I didnt think of the niceties that databases offer so far, but that
looks useful indeed.
A database does not have to be PostgreSQL. It can be simple and
shareable. It can be an Emacs hash table. It can be an XML file. It can
be an Org file. It can be a SQLite file in your git repository. It does
not matter.
What matters is that there is a centralized place for the metadata. A
single source of truth. A place where you can store arbitrary
metadata—not just a limited set of fields that fit in a link syntax.
Inserting limited metadata is not arbitrary metadata. If you can only
fit a few fields in the link, you are not supporting arbitrary metadata.
You are supporting a limited set of fields that someone decided were
important.
Arbitrary metadata means any field, any value, any structure, any
relationship. That cannot fit in a link. That requires a data store.
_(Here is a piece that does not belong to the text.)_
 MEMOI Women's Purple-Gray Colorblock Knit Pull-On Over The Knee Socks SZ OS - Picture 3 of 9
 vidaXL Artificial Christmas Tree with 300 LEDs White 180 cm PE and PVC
That requires a database—whether it is PostgreSQL, SQLite, or an Org
file with properties.
Let me explain what kind of link-based workflow I have in mind before
saying what system is best suited.
My main focus is to make links reliable, in the sense that when you
follow a link, it always just works; in linkin-org, this is ensured
with a decentralized id system etc, but that's irrelevant for the
current matter (check out https://github.com/Judafa/linkin-org to know
more).
From the user's point of view, it should feel as if you merged org-mode
with dired as your links (with file type) are access points as reliable
as a file listed in dired.
That means that principle I have explained fit your own philosophy
perfectly.
I am just not sure if you are saying one thing, but not following it or
not seeing.
It is architectural solution that links never break to have unique IDs
and any changes of link are managed centralized. That way your Org links
do not break. Let us say if website link is not valid any more, you
could edit centralized place of links (call it database), and then all
the Org links could point to archived version of the link, user doesn't
change each particular link in many Org files.
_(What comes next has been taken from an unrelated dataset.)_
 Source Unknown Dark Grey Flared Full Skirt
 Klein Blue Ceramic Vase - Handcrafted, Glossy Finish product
I do not know about you, but I had thousands of Org files, one for each
person. Imagine the problem to edit each single link in those files. It
is quite different when you use centralized links and just reference
them by UUID or ID.
For a link (with file type) to work, you just need two things: the link
and the file.
Makes sense, trivial, and that's meant to be this way.
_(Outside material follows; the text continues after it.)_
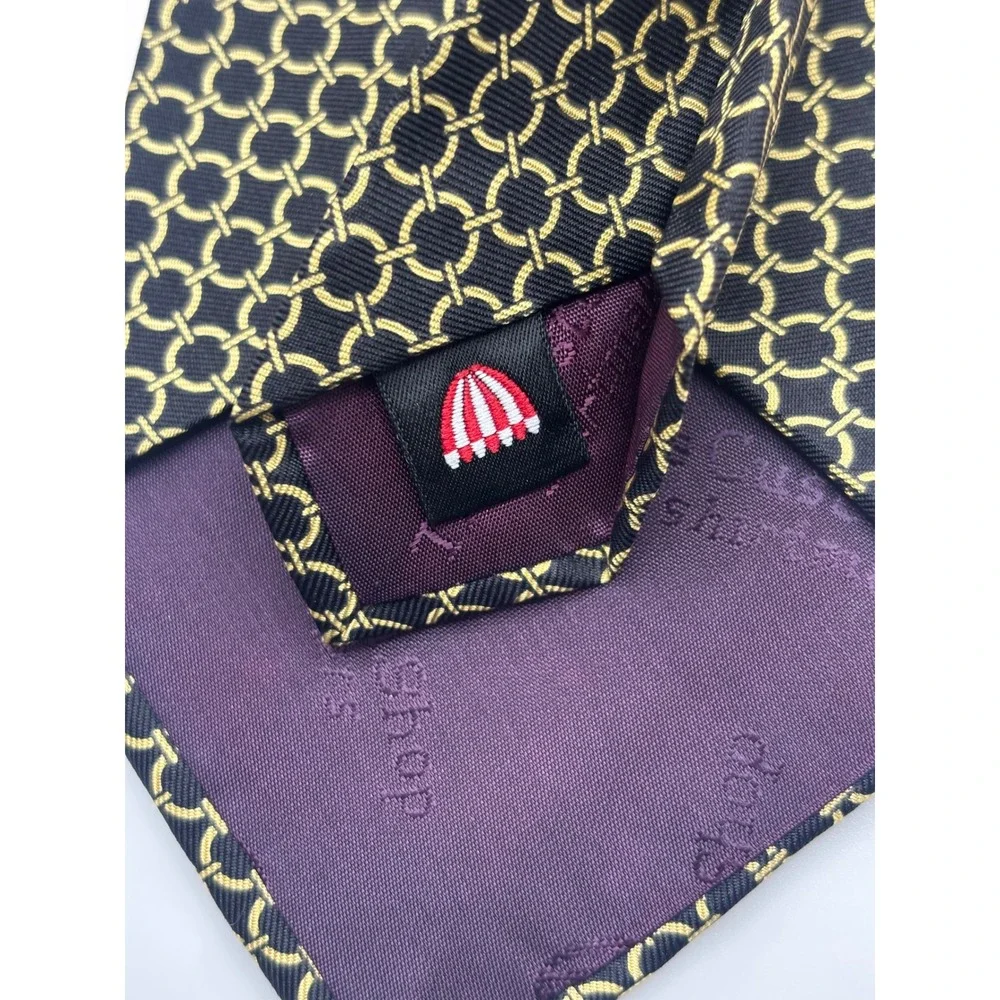 Custom Shop Mens Silk Necktie Black Gold Geometric Rings Purple Liner Tie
Trivial for small file, single user, who has time for thinking without
practicing.
For any user beyond that, but even much below power users, that system
you are proposing is shallow.
Files can change. Is link going to work always?
If files are indexed in the database and you move them in the database,
then file system is forgotten, and links will always work that way (for
as long as hard disk and computer works).
If files do not have metadata (indexing) then when file is renamed or
moved, the link is gone and destroyed.
Solution to keep links working long term is to have indexed list of
links and to reference them by their ID.
By extension, I see any third-party, centralized intermediary as a
weakness towards reliable links.
I don't know what you mean with third parties. I have not suggested
having a third party. Having central place of links means that you have
to own and control your central place of links. That is not third party.
If you do not own the hard disk and indexing system of third parties,
such as archive.org then you are more subject to lose reliable links.
Correct me if I'm wrong, but in case the database is
lost/corrupted/non-updated, then the links may not work anymore.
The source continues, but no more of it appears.